● **Task description**
Leave out the pictures and output exactly the lines below from the one with "photo of label" down to the one with "the fat kappa sticker #4524124", both of them included.
Data extract Start Marker
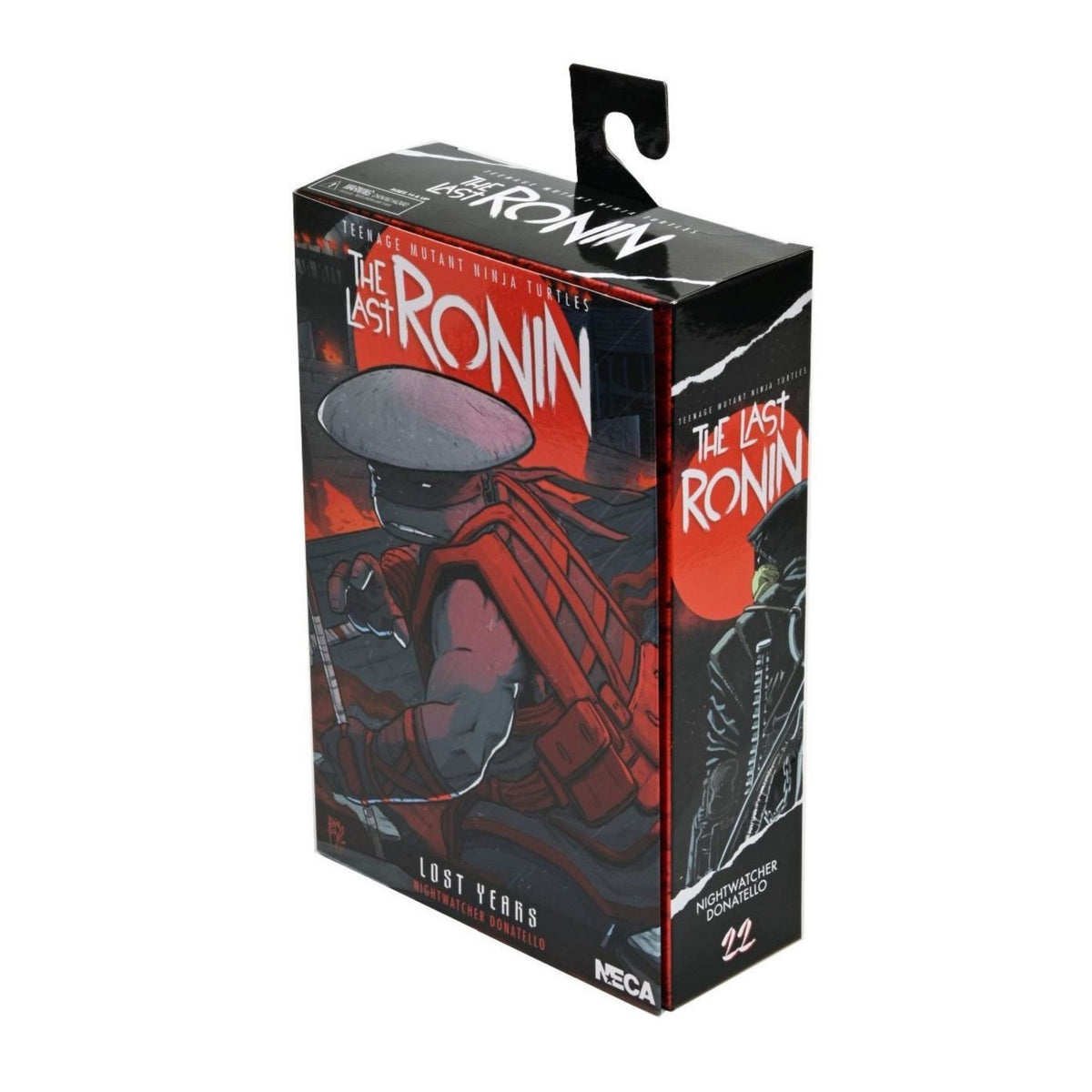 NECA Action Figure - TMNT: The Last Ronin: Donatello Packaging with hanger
Data extract End Marker
Data extract Start Marker
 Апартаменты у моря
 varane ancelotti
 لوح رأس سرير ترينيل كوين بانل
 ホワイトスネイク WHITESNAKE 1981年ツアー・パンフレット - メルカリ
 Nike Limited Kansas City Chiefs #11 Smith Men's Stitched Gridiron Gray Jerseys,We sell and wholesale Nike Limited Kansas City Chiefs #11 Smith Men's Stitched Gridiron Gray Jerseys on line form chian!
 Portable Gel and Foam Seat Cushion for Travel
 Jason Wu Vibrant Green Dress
Data extract End Marker
Data extract Start Marker
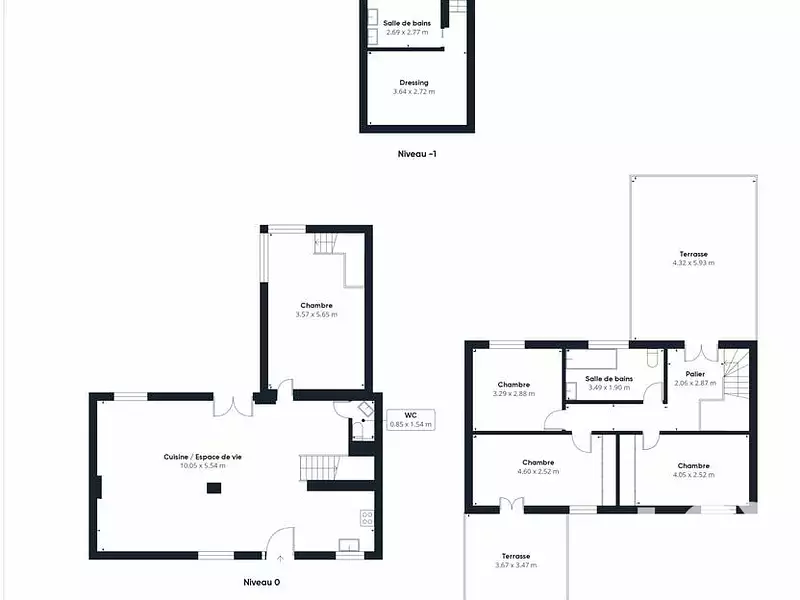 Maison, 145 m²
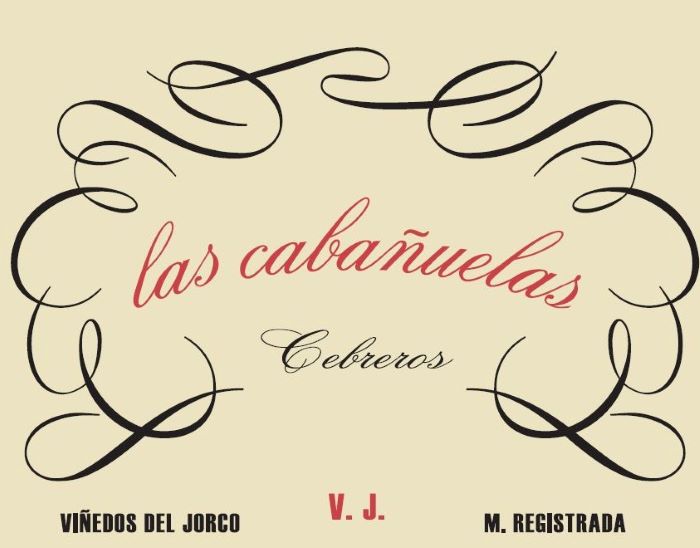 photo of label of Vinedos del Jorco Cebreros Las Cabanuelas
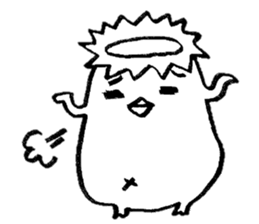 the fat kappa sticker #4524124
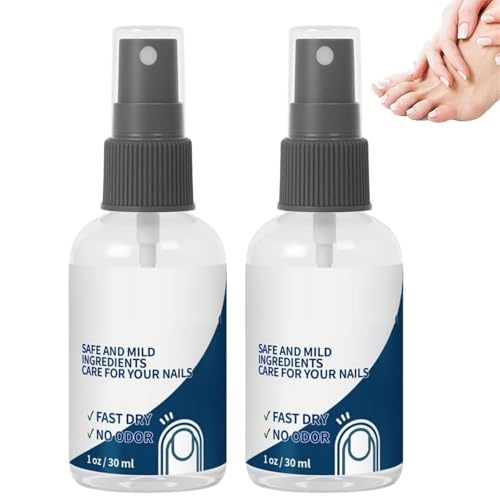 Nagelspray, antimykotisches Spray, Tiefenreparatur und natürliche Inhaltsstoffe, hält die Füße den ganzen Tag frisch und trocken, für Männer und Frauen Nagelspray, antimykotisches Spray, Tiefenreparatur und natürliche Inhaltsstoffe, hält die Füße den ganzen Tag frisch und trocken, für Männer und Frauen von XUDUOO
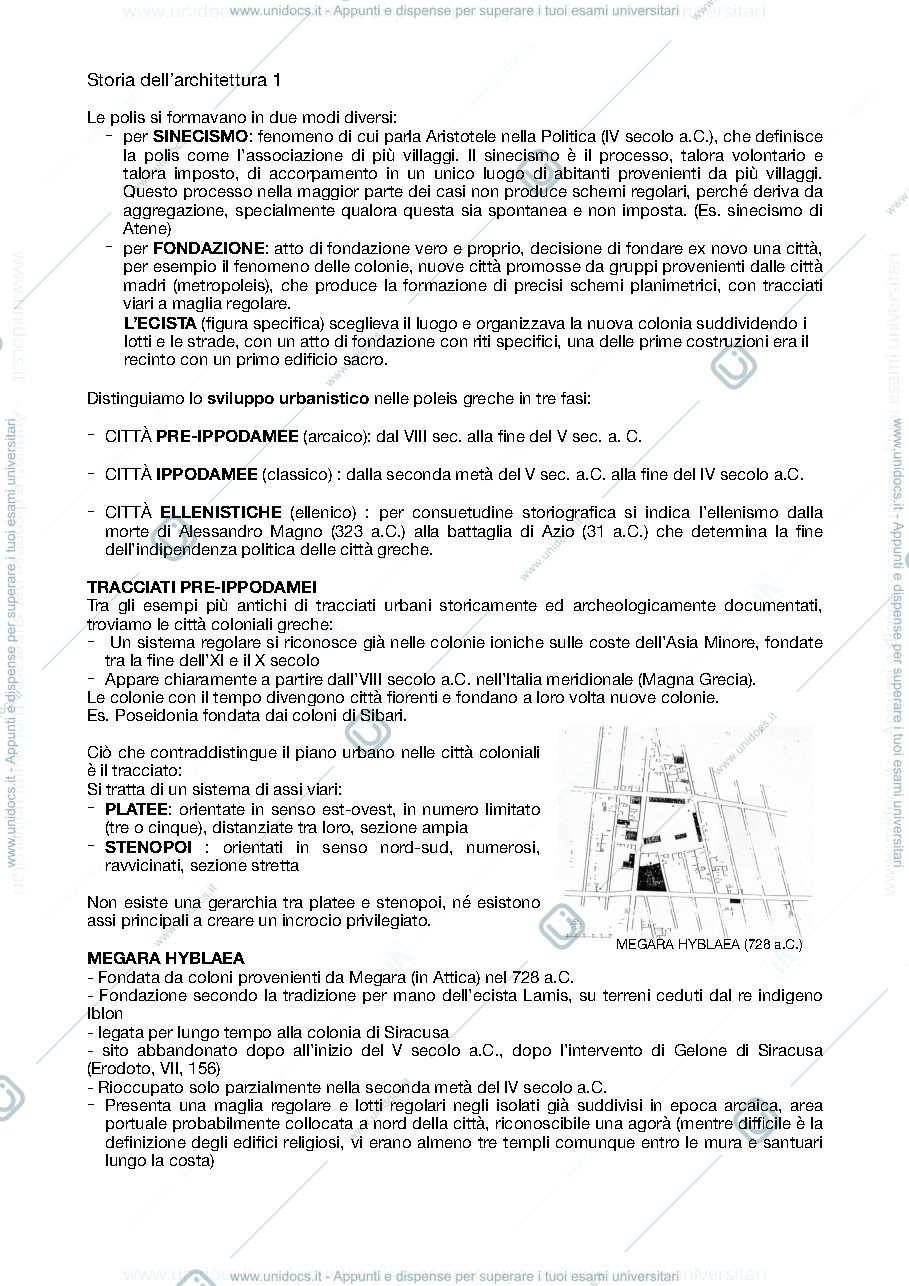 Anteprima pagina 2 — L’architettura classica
Data extract End Marker
● **The completed task**
 photo of label of Vinedos del Jorco Cebreros Las Cabanuelas
 the fat kappa sticker #4524124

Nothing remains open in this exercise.